Problem statement
Copies of all lines that contain "associated" are needed; take them from the data below.

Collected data
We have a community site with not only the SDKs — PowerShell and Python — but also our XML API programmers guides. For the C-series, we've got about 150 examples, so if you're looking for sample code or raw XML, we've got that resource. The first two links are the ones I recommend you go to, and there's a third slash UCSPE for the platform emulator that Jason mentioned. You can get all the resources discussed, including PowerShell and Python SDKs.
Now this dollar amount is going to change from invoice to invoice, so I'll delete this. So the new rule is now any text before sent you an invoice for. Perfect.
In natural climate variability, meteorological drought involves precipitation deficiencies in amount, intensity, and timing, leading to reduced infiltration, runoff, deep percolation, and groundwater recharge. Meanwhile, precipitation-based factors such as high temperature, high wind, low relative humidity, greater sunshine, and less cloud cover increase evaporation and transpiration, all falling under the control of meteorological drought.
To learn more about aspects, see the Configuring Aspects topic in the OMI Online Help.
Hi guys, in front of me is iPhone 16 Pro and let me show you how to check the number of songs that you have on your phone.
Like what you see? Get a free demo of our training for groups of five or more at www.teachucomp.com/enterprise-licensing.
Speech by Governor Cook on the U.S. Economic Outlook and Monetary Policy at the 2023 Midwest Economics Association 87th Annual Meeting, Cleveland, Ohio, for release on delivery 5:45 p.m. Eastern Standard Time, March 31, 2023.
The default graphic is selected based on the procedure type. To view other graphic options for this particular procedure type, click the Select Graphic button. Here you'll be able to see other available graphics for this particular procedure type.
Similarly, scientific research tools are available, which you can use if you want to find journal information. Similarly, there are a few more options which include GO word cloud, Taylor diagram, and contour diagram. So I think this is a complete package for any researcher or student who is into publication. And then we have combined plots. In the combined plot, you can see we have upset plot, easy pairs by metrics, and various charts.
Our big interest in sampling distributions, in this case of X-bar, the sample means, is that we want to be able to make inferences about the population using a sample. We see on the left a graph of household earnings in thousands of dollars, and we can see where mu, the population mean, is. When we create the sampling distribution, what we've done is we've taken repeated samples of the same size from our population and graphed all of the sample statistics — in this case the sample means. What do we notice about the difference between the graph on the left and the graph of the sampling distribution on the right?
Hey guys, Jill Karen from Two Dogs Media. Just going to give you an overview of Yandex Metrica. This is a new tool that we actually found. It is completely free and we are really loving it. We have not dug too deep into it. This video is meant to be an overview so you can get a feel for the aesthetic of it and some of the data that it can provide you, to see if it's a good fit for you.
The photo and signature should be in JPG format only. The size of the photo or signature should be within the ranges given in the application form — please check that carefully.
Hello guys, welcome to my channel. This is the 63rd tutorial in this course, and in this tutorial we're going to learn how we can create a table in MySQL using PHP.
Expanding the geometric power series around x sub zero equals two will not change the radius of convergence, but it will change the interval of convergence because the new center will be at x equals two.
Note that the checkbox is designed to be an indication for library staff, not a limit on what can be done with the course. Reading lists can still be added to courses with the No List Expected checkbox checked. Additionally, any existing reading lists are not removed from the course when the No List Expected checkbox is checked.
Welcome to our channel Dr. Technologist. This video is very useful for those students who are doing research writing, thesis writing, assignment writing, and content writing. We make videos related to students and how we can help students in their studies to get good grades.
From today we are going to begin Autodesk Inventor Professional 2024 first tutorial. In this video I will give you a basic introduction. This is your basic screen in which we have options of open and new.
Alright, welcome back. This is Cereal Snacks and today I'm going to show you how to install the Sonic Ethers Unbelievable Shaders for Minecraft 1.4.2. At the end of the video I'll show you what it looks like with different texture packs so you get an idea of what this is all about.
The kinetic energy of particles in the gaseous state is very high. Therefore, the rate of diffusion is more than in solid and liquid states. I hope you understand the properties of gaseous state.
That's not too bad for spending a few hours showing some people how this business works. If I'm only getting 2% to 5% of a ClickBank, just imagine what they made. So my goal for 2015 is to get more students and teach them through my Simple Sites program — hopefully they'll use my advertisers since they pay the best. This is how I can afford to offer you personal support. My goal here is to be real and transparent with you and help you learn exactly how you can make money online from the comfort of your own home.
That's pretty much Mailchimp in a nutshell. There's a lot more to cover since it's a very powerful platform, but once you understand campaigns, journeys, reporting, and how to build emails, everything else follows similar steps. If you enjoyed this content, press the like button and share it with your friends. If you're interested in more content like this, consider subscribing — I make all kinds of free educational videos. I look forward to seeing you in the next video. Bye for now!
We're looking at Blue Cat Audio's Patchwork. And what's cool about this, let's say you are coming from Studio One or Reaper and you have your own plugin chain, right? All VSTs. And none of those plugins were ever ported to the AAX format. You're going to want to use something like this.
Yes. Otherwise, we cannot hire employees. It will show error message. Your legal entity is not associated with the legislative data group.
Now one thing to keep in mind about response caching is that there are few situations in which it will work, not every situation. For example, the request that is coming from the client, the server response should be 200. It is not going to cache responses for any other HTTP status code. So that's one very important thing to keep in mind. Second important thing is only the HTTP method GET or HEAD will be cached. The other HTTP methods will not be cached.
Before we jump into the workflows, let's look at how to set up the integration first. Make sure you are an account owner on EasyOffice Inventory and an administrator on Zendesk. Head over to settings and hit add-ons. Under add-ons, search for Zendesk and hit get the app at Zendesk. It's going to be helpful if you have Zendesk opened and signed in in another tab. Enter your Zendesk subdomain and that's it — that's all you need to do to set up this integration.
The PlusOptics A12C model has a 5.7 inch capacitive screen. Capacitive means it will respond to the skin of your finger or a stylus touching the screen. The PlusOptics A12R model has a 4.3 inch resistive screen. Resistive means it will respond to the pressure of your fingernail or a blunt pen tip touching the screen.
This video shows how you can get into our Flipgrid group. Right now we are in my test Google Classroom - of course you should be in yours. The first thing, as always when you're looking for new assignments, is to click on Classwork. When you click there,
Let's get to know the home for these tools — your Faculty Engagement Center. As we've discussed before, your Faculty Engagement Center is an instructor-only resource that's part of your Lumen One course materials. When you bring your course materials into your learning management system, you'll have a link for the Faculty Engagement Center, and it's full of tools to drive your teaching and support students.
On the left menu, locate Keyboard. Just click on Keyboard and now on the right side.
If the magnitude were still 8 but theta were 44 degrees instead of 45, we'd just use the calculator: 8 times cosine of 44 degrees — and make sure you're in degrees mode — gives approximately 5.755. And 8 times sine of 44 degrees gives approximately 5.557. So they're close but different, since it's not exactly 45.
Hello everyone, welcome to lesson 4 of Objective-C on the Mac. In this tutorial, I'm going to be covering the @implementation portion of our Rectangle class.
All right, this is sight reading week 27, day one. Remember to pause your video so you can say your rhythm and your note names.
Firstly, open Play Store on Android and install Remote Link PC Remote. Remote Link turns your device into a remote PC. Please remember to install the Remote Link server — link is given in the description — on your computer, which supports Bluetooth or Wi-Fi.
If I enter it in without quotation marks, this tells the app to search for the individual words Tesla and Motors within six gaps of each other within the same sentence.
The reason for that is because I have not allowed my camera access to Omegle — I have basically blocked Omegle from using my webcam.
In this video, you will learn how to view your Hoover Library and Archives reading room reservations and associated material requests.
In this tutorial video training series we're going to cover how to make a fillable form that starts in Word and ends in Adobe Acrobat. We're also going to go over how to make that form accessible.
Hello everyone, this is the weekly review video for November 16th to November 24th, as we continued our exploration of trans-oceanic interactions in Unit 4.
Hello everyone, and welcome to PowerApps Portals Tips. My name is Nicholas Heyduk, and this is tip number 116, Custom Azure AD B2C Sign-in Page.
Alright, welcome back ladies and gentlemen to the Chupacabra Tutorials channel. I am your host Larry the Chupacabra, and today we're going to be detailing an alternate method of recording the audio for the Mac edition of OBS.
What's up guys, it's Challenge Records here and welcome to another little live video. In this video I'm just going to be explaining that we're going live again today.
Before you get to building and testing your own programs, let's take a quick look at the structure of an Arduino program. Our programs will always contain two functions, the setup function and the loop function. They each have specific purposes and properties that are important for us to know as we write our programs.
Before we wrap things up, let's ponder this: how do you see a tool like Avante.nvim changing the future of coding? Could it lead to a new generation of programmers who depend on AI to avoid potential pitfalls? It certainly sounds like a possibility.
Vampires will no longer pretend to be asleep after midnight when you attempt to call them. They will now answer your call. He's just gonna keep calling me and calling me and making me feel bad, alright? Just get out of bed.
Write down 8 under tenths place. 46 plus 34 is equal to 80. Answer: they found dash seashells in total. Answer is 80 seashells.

Answer to the exercise
Yes. Otherwise, we cannot hire employees. It will show error message. Your legal entity is not associated with the legislative data group.
In this video, you will learn how to view your Hoover Library and Archives reading room reservations and associated material requests.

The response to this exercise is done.